The mix CD is only 15 tracks long, and it came without a track list, but that's OK; a person listening gets the gist. These are all recorded-in-a-garage-while-in-a-cheery-mood-type songs: Harlem, early Belle and Sebastian, the like. It makes you feel like putting on loose jeans, drinking artisanal beers, and playing ironic '80s video games on mute. I like playing it really loud when it's cold enough to merit driving in New Orleans. 

I got the mix CD in the mail from a person I have met only twice. Once in New Orleans as mutual admirers of each others' comedy (we had sex; it was great); and once where he lives as mutual admirers of each others' comedy (he must have been sleeping with someone semi-monogamously, or I put on a lot of weight unknowingly since the first time we met, because he treated me like his buddy Stanley and ended our hang-out with a shoulder punch).

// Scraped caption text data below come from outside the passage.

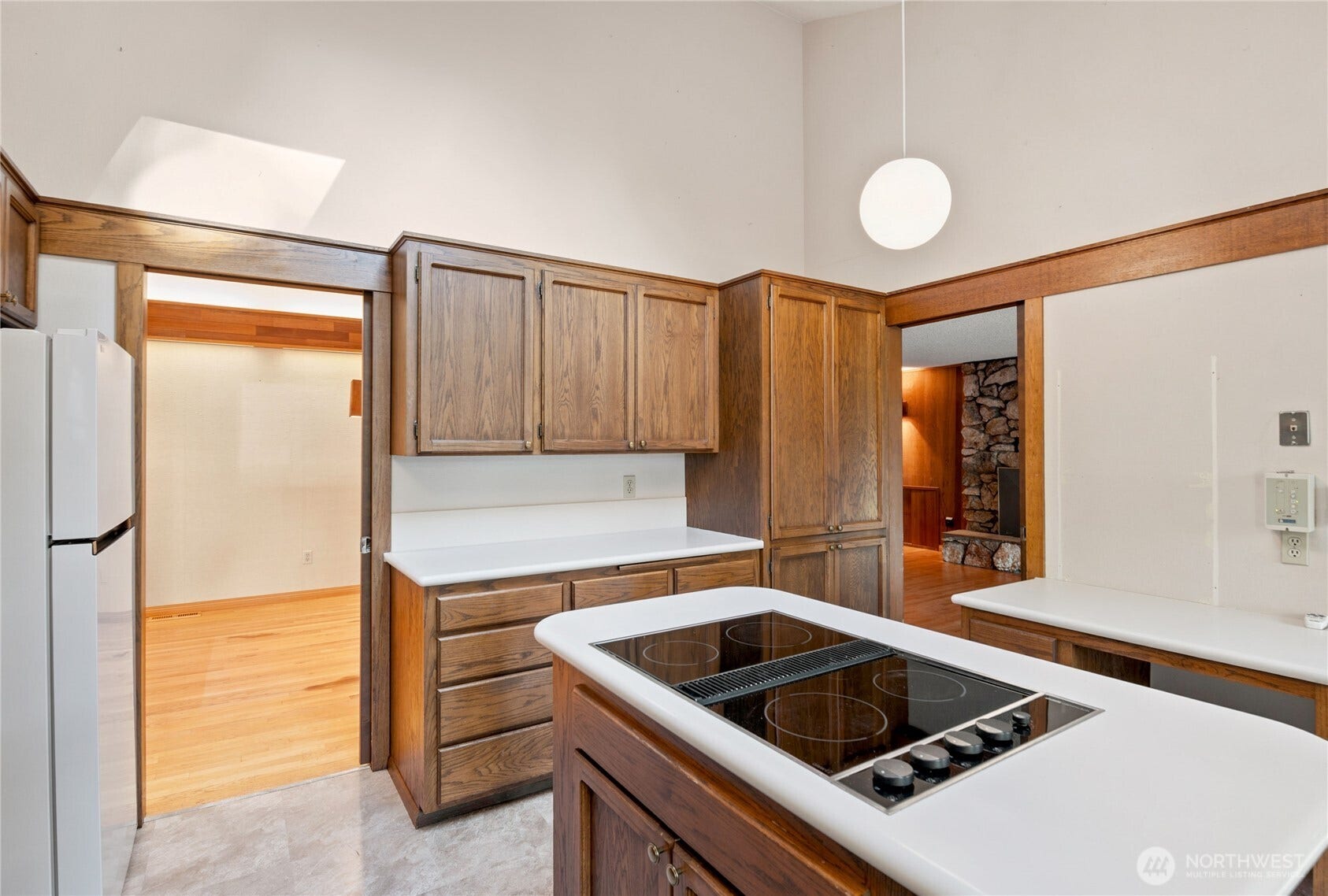 5628 139th Street NW, Gig Harbor, WA 98332 5628 139th Street NW, Gig Harbor, WA 98332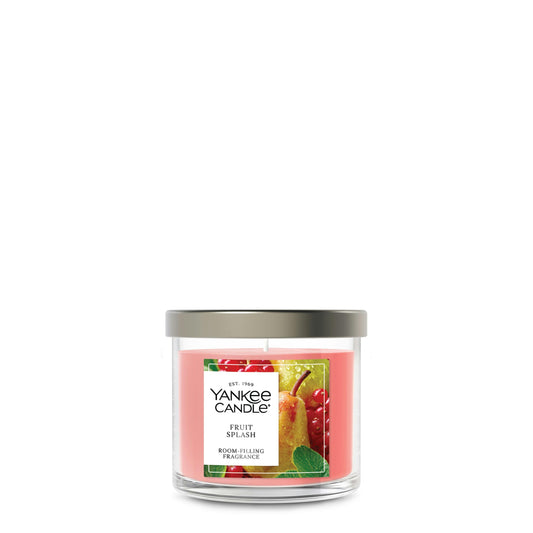 Fruit Splash CYJT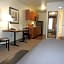 Ledgestone Hotel Billings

Despite knowing very little about this person, we have stayed semi-regular pen-pals -- except that we entered into the very dangerous letters-must-increasingly-upgrade spiral of futility. 

Sometimes you become pen pals with a person, and it's great. You both feel totally OK with sending each other postcards with funny pictures on the front, and nothing much has to be said in the note. Maybe it's just an acknowledgement of a small thing that happened that day; maybe it's a quick question and a hasty explanation of the picture. Those epistolaries are destined to be long-lasting and sustainable.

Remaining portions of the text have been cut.